» **Source information**:
□ □ □ □

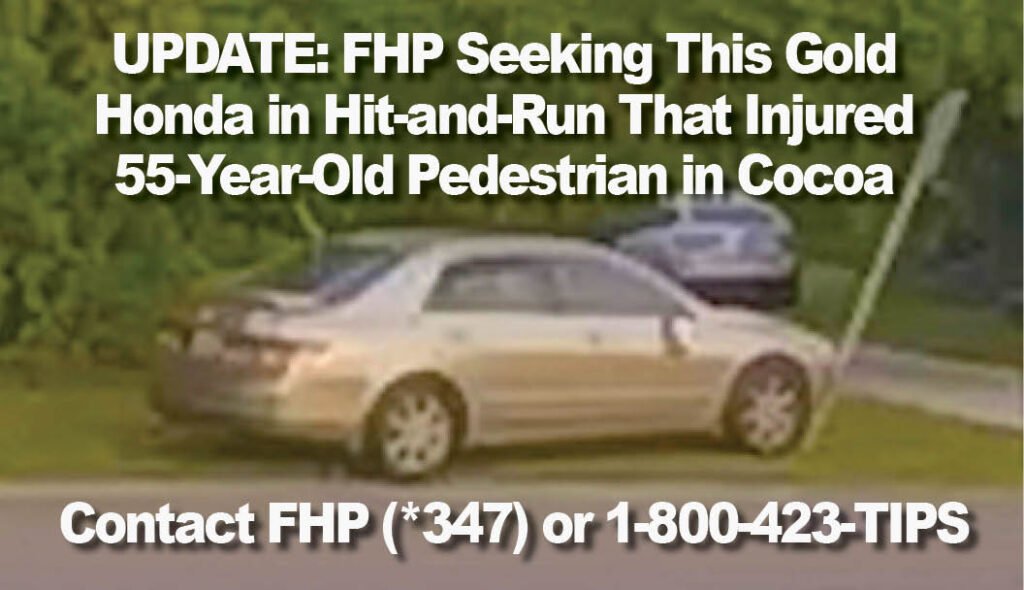 UPDATE: FHP Seeks Gold Honda in Hit-and-Run Crash That Injured 55-Year-Old Pedestrian in Cocoa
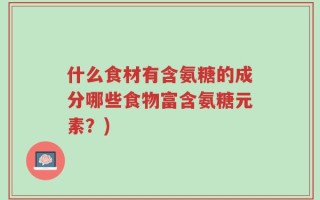 什么食材有含氨糖的成分哪些食物富含氨糖元素？)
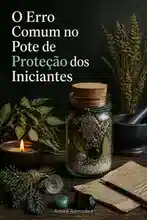 Como criar um pote de proteção para sua casa: passos básicos e simples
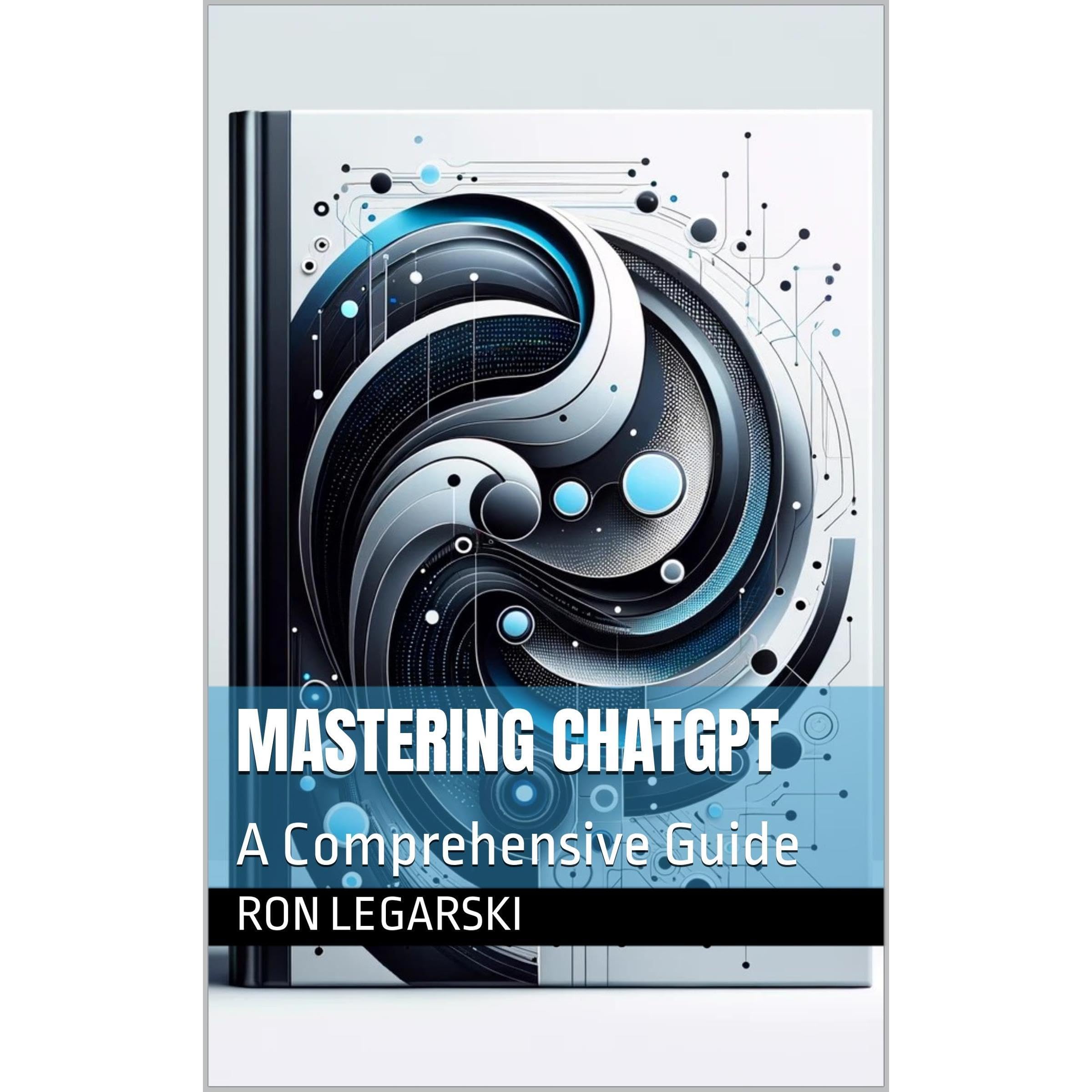 Mastering ChatGPT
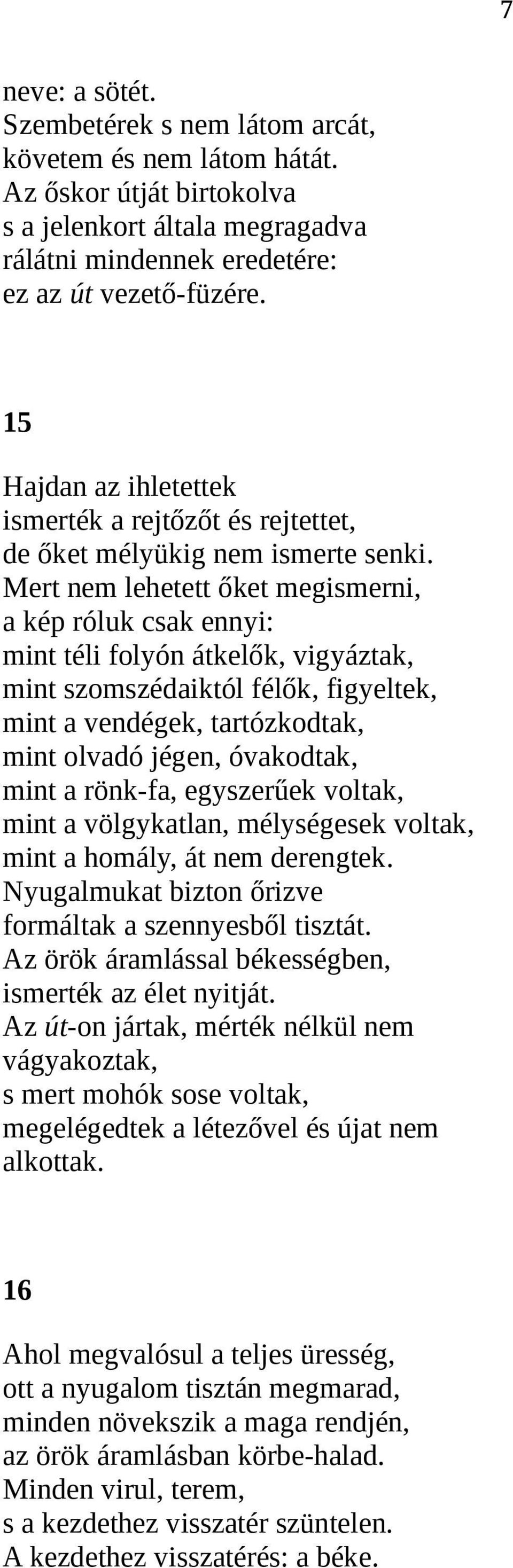 Mert nem lehetett őket megismerni, a kép róluk csak ennyi: mint téli folyón átkelők, vigyáztak, mint szomszédaiktól félők, figyeltek, mint a vendégek, tartózkodtak, mint olvadó jégen, óvakodtak, mint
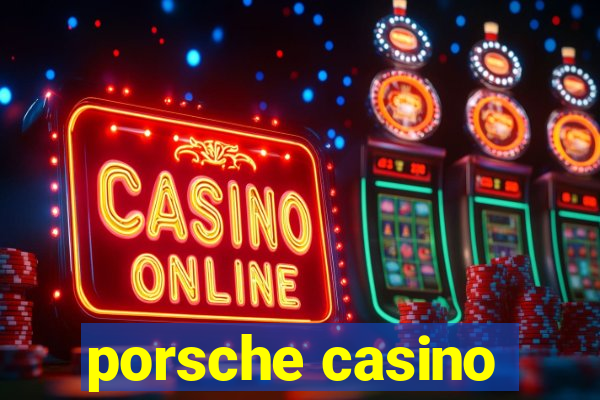 porsche casino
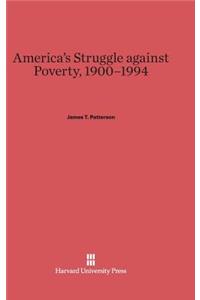 America's Struggle Against Poverty, 1900-1994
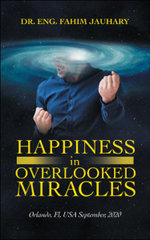 Happiness in Overlooked Miracles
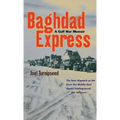 Baghdad Express: A Gulf War Memoir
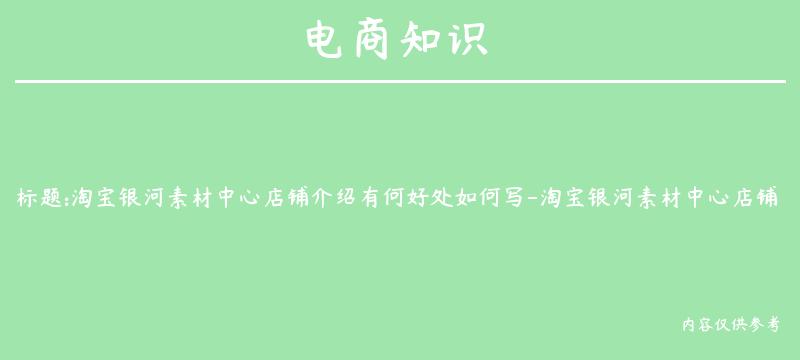 淘宝银河素材中心店铺介绍有何好处如何写-淘宝银河素材中心店铺介绍怎么写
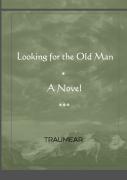 Looking For The Old Man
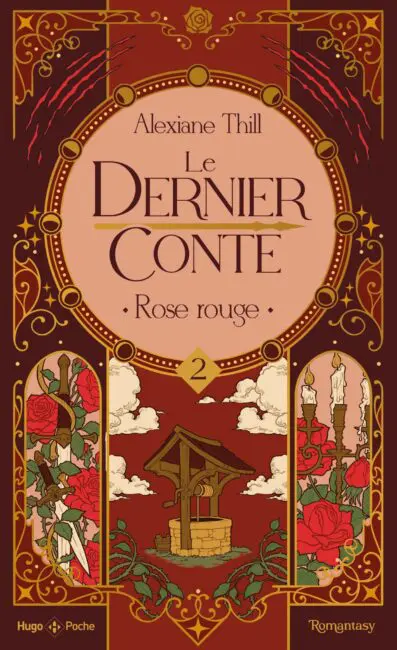 Le dernier conte – Tome 02 – La rose rouge
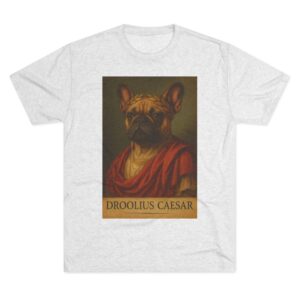 “Droolius Caesar” Funny French Bulldog T-Shirt | Roman Art Parody | Dog Lover Humor Tee (Next Level Tri-Blend)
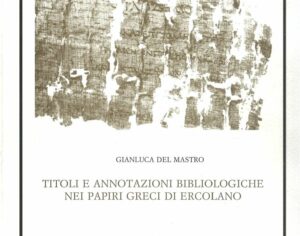 Supplemento 05 – Gianluca Del Mastro, Titoli e annotazioni bibliologiche nei papiri greci di Ercolano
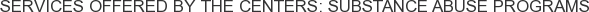 Services offered by The Centers: Substance Abuse Programs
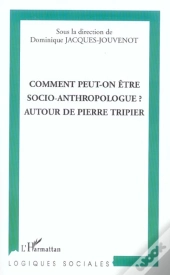 Comment Peut-On Etre Socio-Anthropologue ? Autour De Pierre Tripier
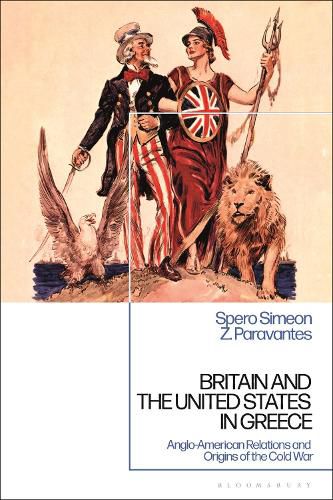 Cover image for Britain, the US and Greece After World War II: Anglo-American Relations and the Cold War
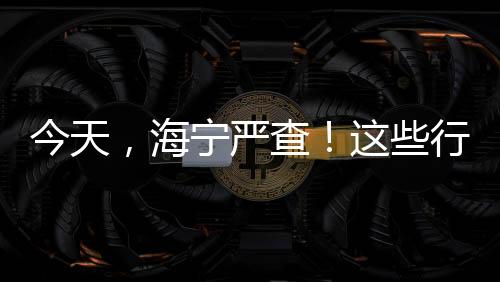 今天，海寧嚴查！這些行為被現場直播！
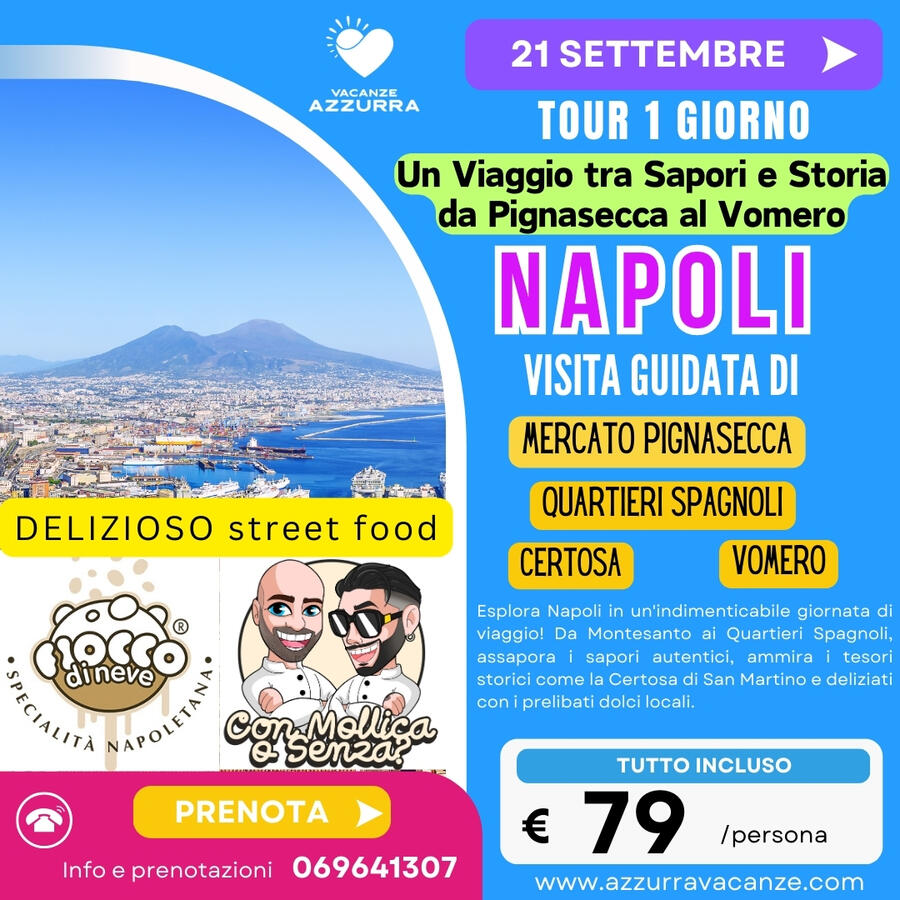 21 SETTEMBRE 2025 TOUR 1 GIORNO SCOPRI I LUOGHI CARATTERISTICI DI NAPOLI IN UNA FANTASTICA GIORNATA!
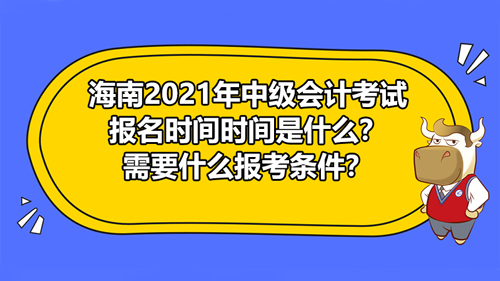 【海南2021年中级会计考试报名时间时间是什么？需要什么报考条件？】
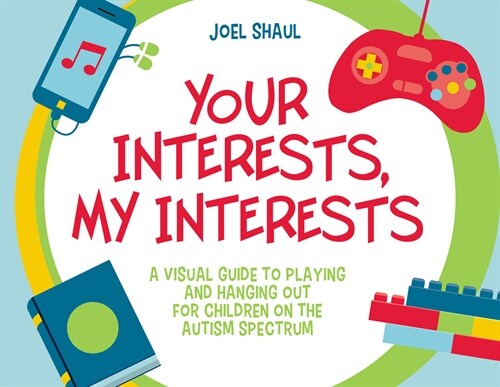 Your Interests, My Interests : A Visual Guide to Playing and Hanging out for Children on the Autism Spectrum (Hardcover)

□ □ □ □

» **Work item**: Only lines belong in the copy: transcribe those from the start of the data through the line that contains "Mastering ChatGPT", and skip the pictures.

» **Written answer**:
 UPDATE: FHP Seeks Gold Honda in Hit-and-Run Crash That Injured 55-Year-Old Pedestrian in Cocoa
 什么食材有含氨糖的成分哪些食物富含氨糖元素？)
 Como criar um pote de proteção para sua casa: passos básicos e simples
 Mastering ChatGPT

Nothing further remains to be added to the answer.